Task details: Look below for the line with "Needle&Thread Wild Rose" and the line with "Schmuckbild: Minister Falko"; repeat exactly those two lines and all lines between them, but no pictures.

Given data:
-- Opening Marker --

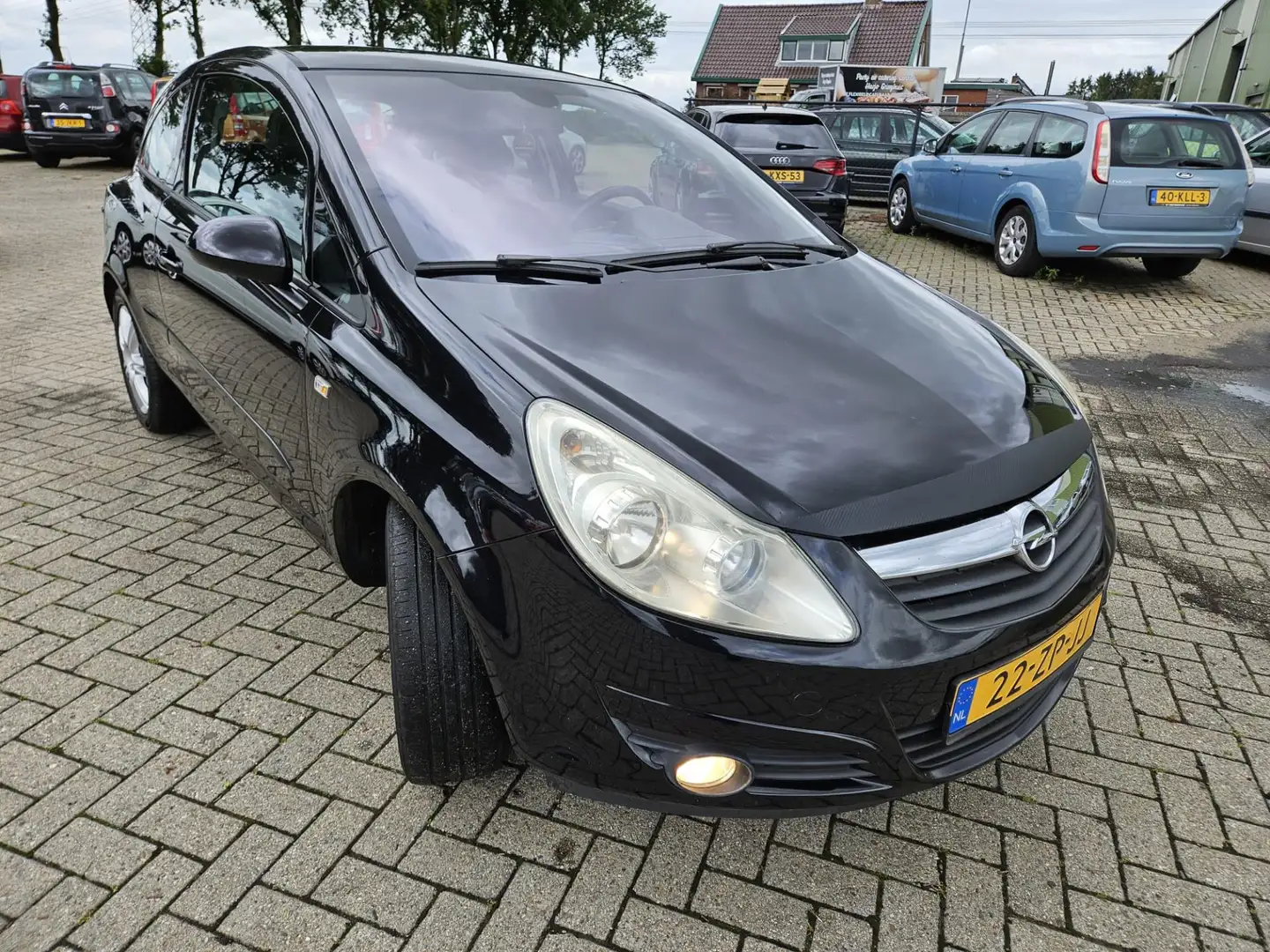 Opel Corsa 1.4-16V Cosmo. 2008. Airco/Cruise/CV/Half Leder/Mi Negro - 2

-- Closing Marker --
-- Opening Marker --

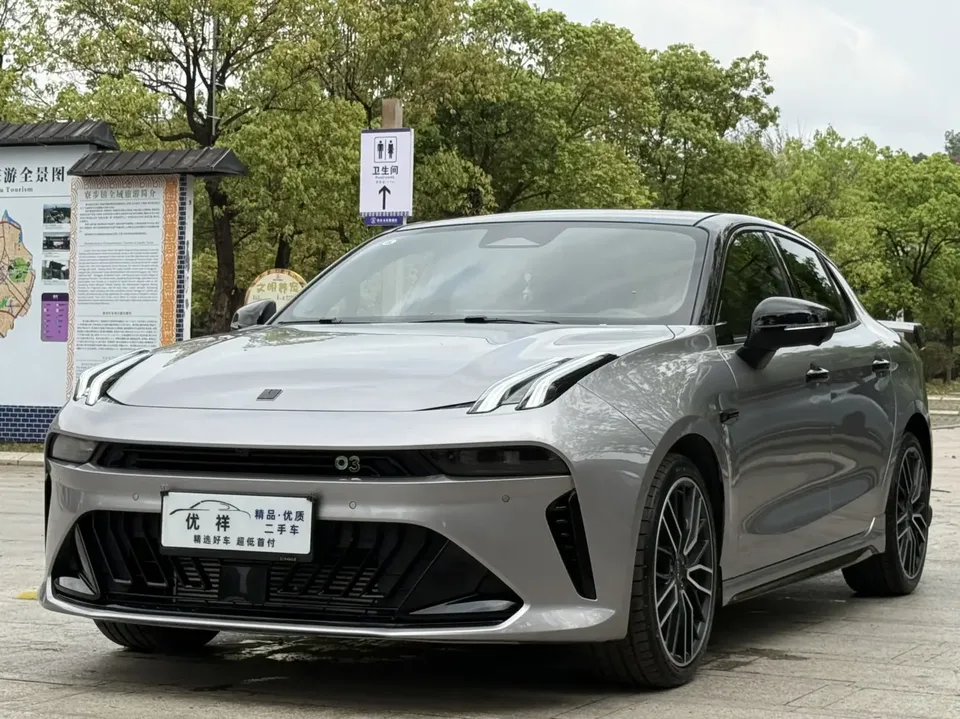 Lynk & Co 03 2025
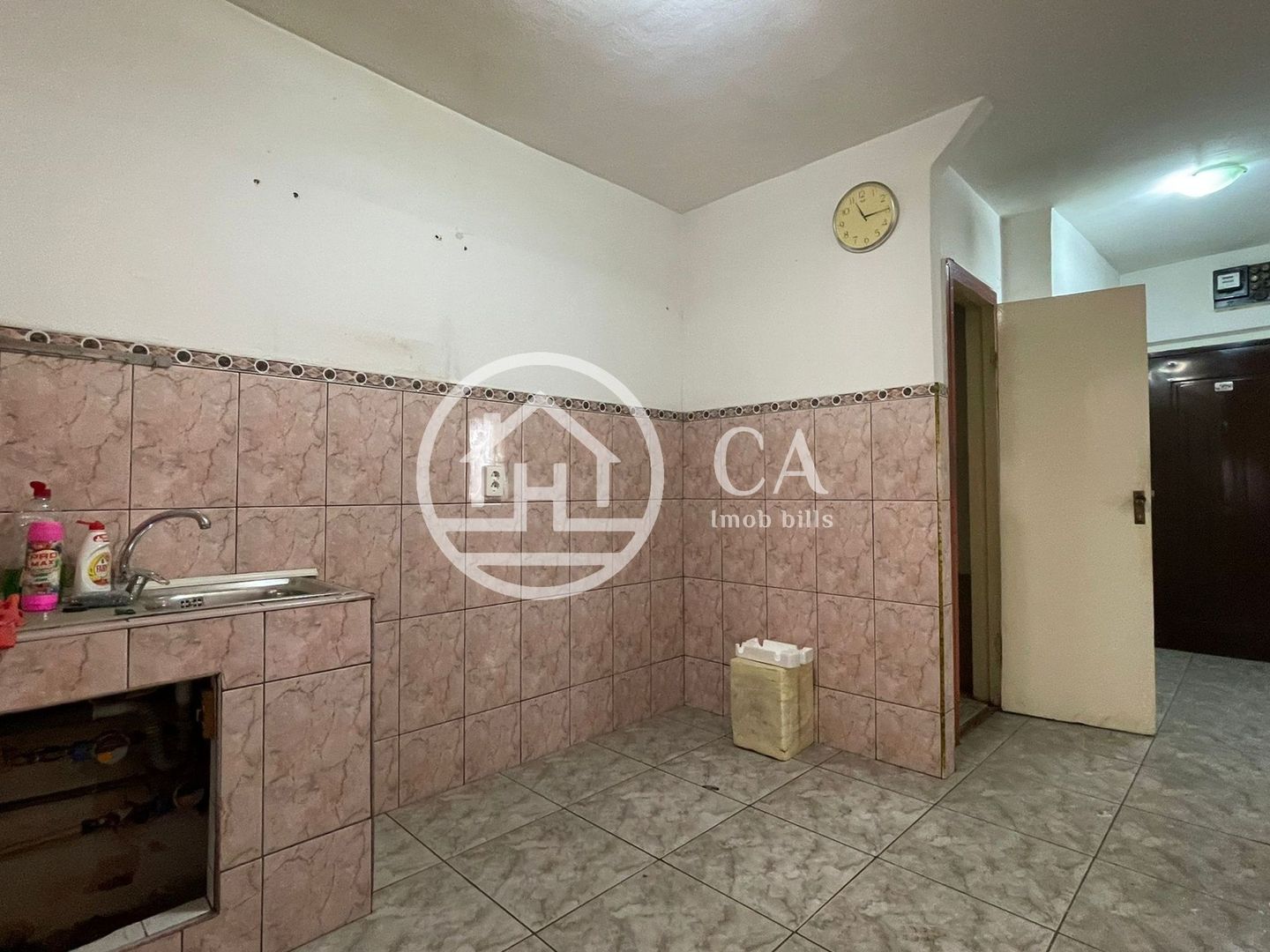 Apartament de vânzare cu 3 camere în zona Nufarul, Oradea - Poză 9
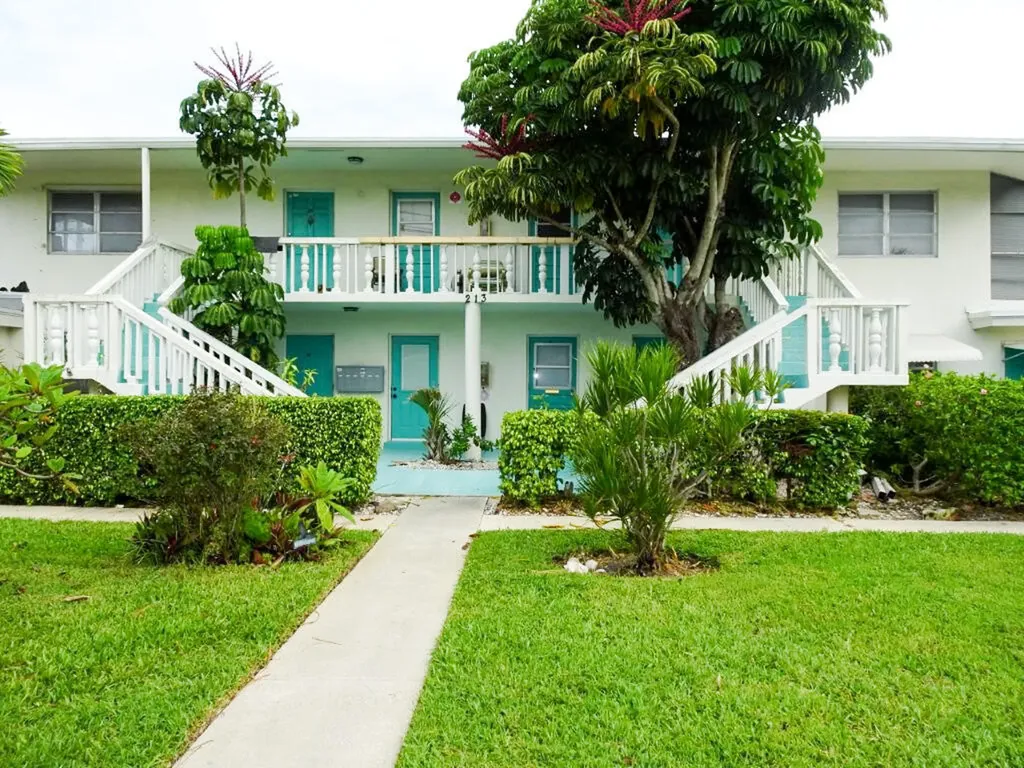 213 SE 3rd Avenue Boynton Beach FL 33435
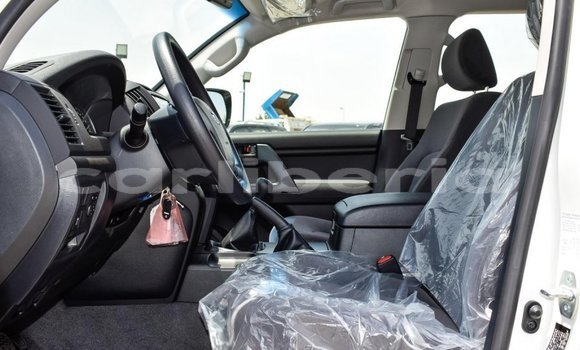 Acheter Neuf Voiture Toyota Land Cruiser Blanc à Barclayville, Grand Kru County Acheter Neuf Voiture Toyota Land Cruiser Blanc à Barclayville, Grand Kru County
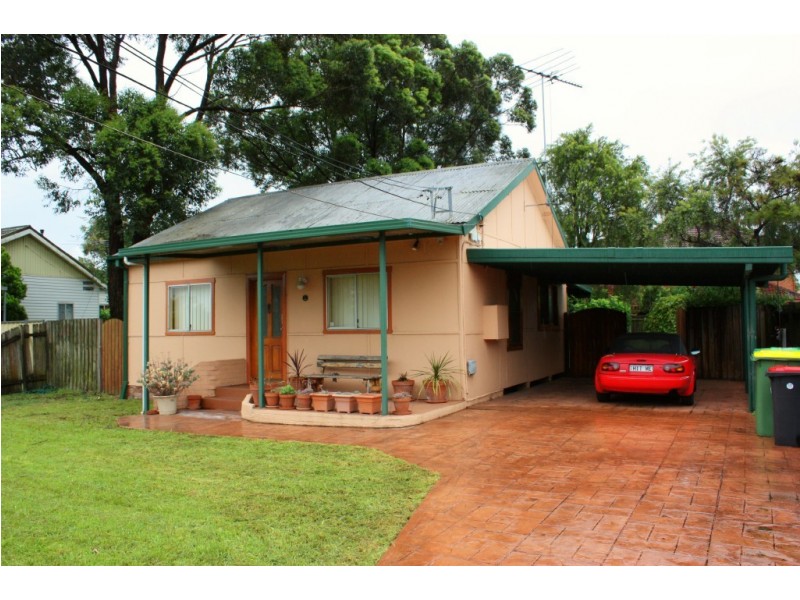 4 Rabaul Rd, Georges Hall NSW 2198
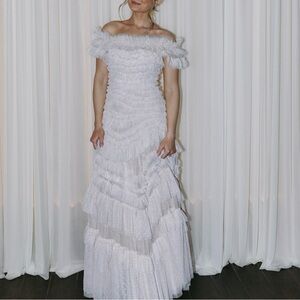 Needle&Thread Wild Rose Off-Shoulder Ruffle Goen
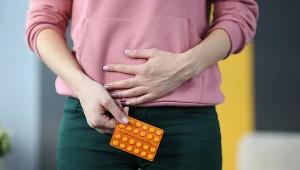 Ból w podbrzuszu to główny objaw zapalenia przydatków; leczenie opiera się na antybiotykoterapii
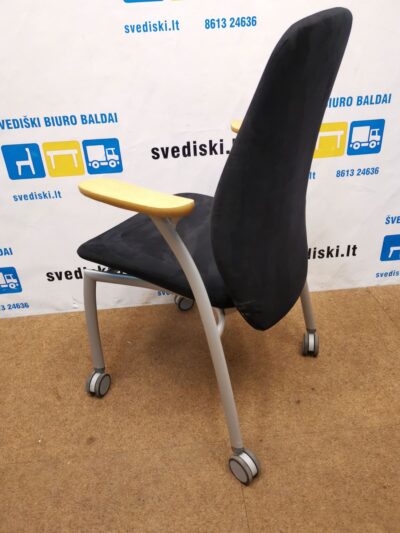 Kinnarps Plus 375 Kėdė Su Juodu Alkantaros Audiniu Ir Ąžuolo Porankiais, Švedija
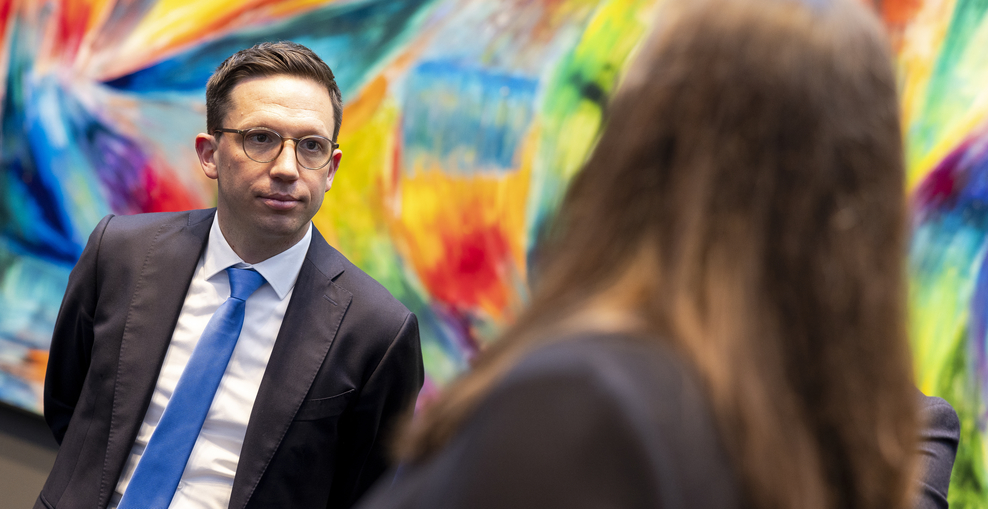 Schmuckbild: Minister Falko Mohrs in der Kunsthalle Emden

-- Closing Marker --

Answer to the problem:
 Needle&Thread Wild Rose Off-Shoulder Ruffle Goen
 Ból w podbrzuszu to główny objaw zapalenia przydatków; leczenie opiera się na antybiotykoterapii
 Kinnarps Plus 375 Kėdė Su Juodu Alkantaros Audiniu Ir Ąžuolo Porankiais, Švedija
 Schmuckbild: Minister Falko Mohrs in der Kunsthalle Emden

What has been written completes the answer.